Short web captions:
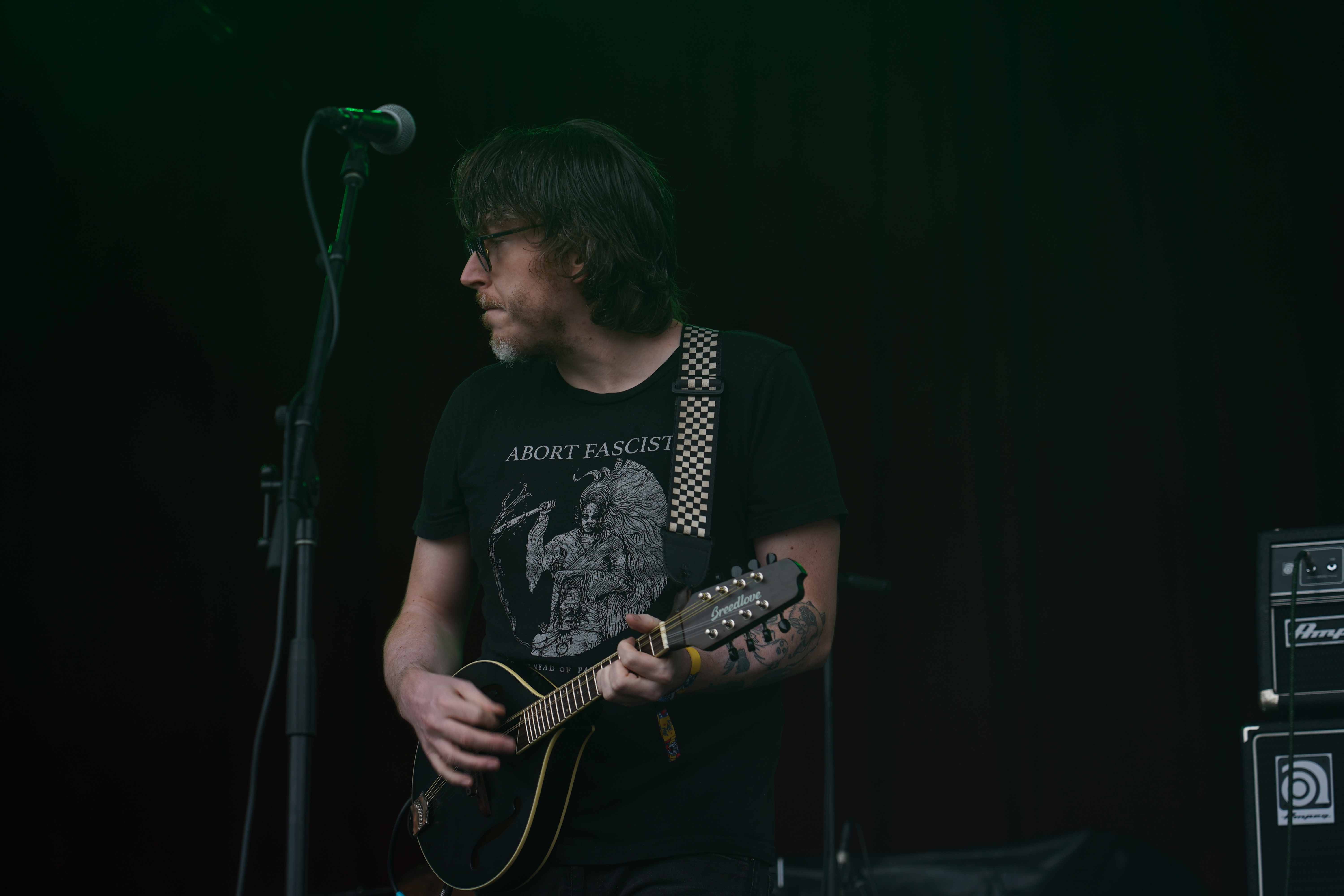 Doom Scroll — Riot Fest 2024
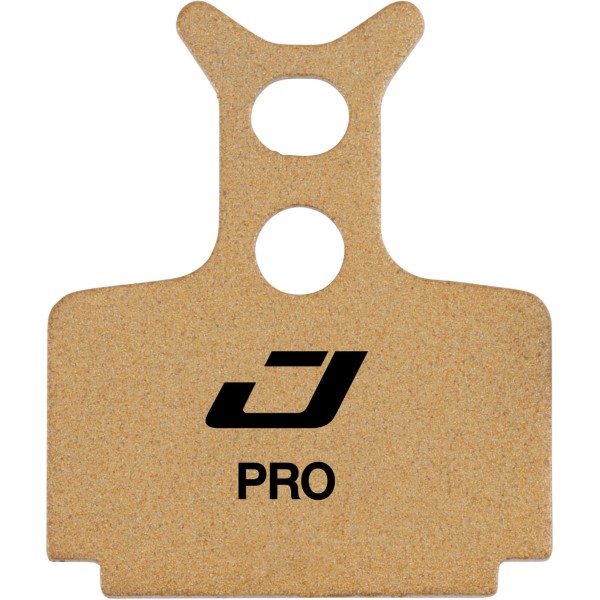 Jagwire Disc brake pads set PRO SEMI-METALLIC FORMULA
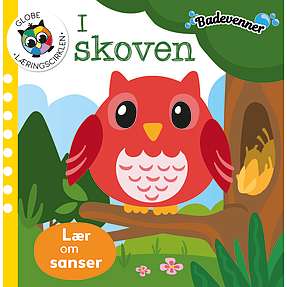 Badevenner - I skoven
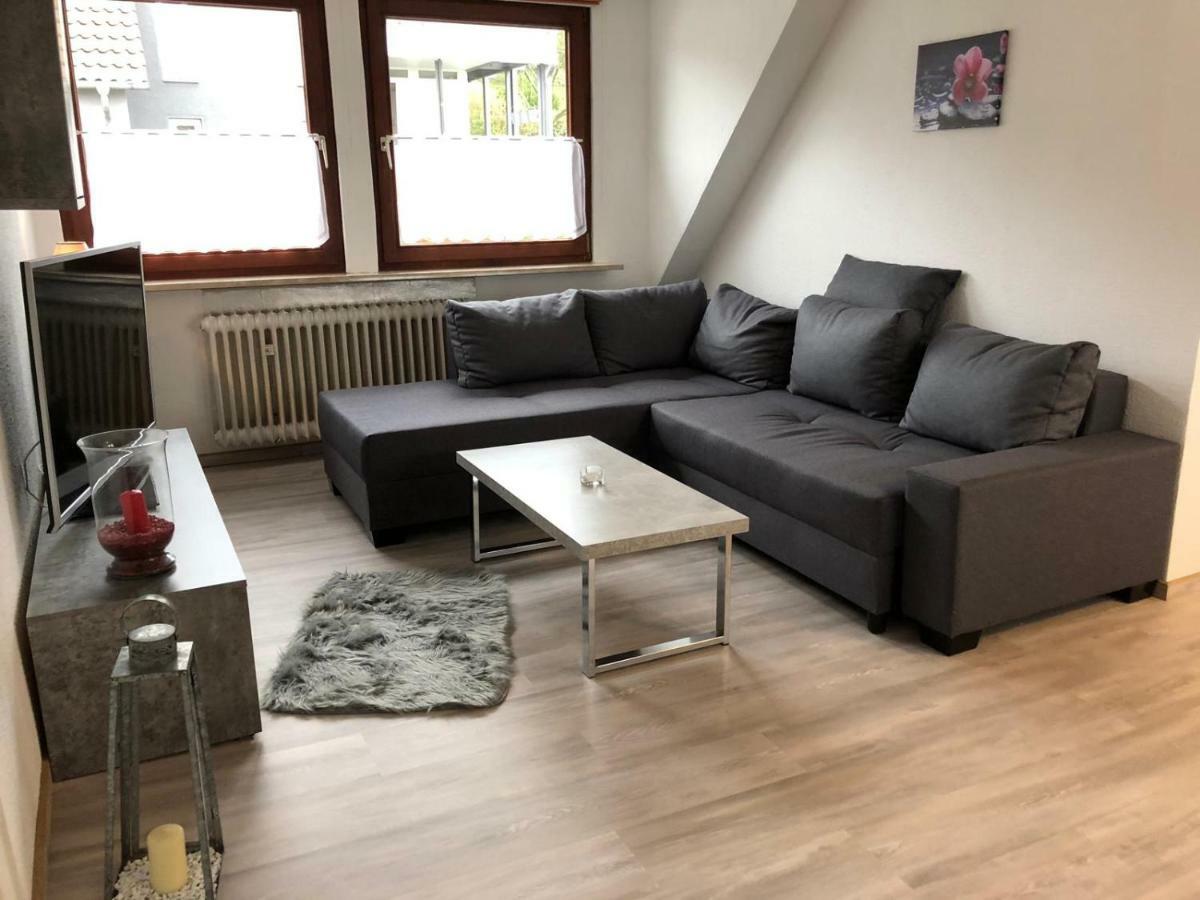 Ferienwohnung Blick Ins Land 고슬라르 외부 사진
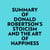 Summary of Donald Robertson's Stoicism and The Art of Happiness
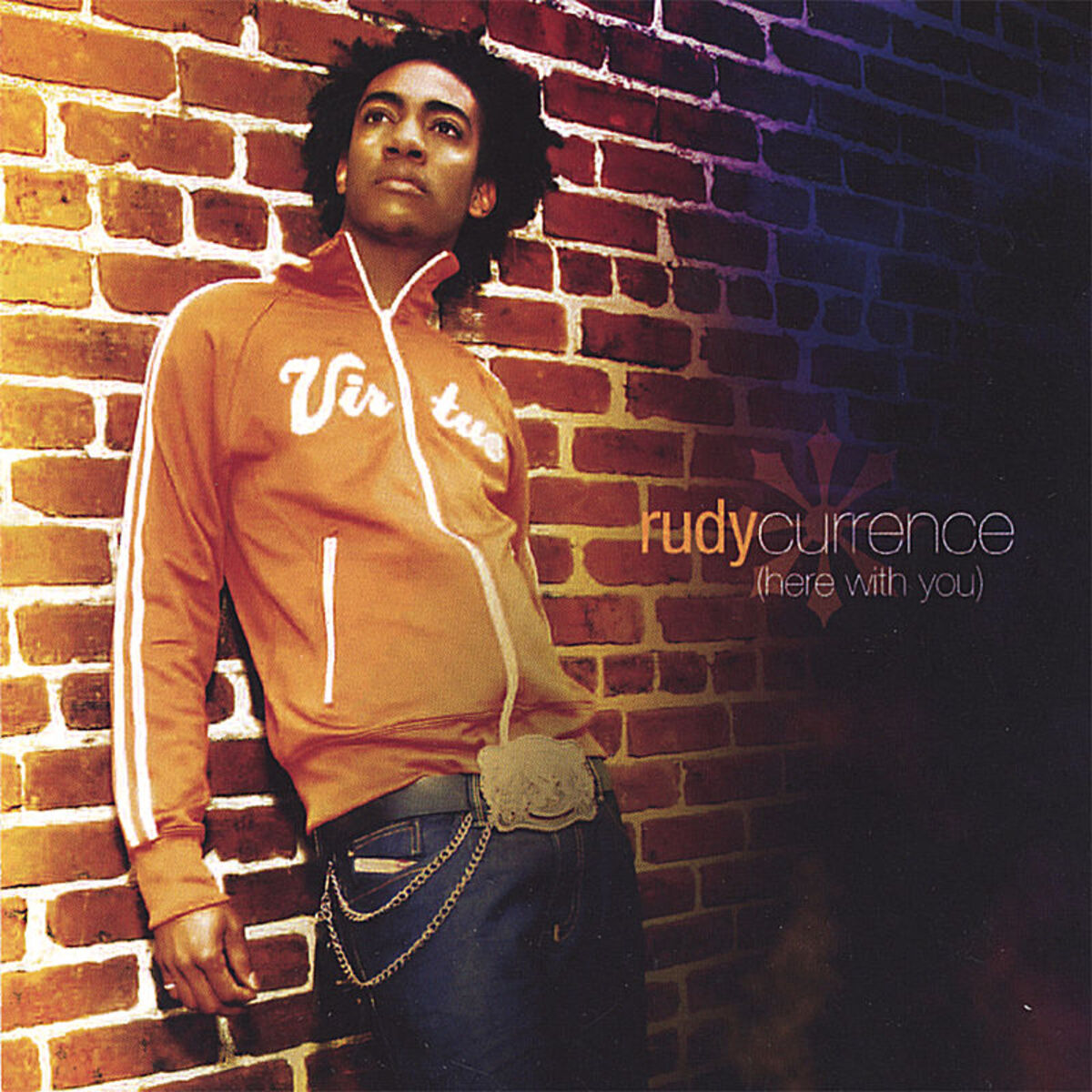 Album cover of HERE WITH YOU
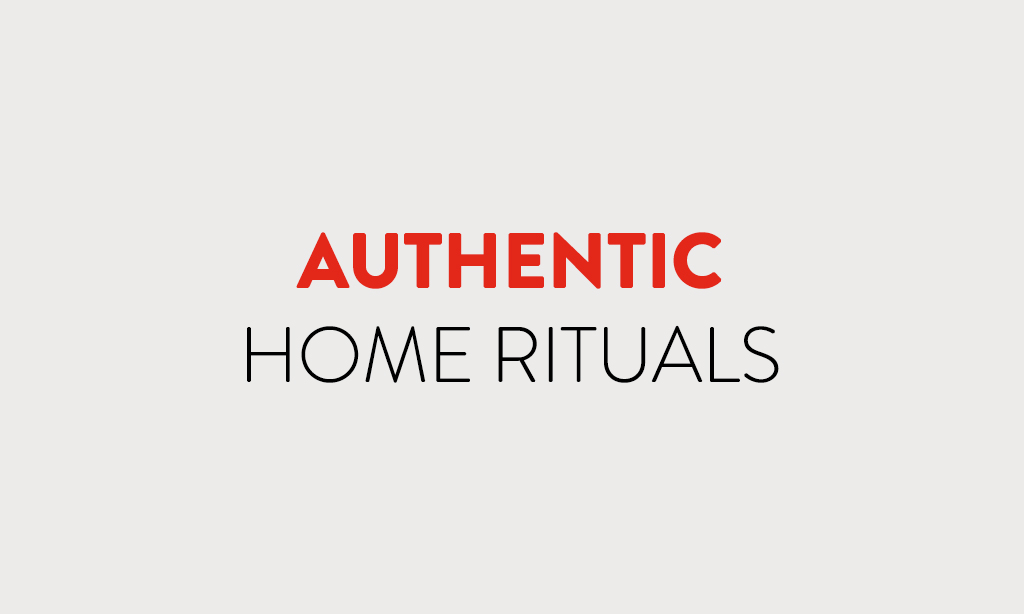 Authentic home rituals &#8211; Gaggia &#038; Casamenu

■ **What you should do**
Since the pictures are not wanted, copy only the text of the records above, exactly.

■ **Task answer**
 Doom Scroll — Riot Fest 2024
 Jagwire Disc brake pads set PRO SEMI-METALLIC FORMULA
 Badevenner - I skoven
 Ferienwohnung Blick Ins Land 고슬라르 외부 사진
 Summary of Donald Robertson's Stoicism and The Art of Happiness
 Album cover of HERE WITH YOU
 Authentic home rituals &#8211; Gaggia &#038; Casamenu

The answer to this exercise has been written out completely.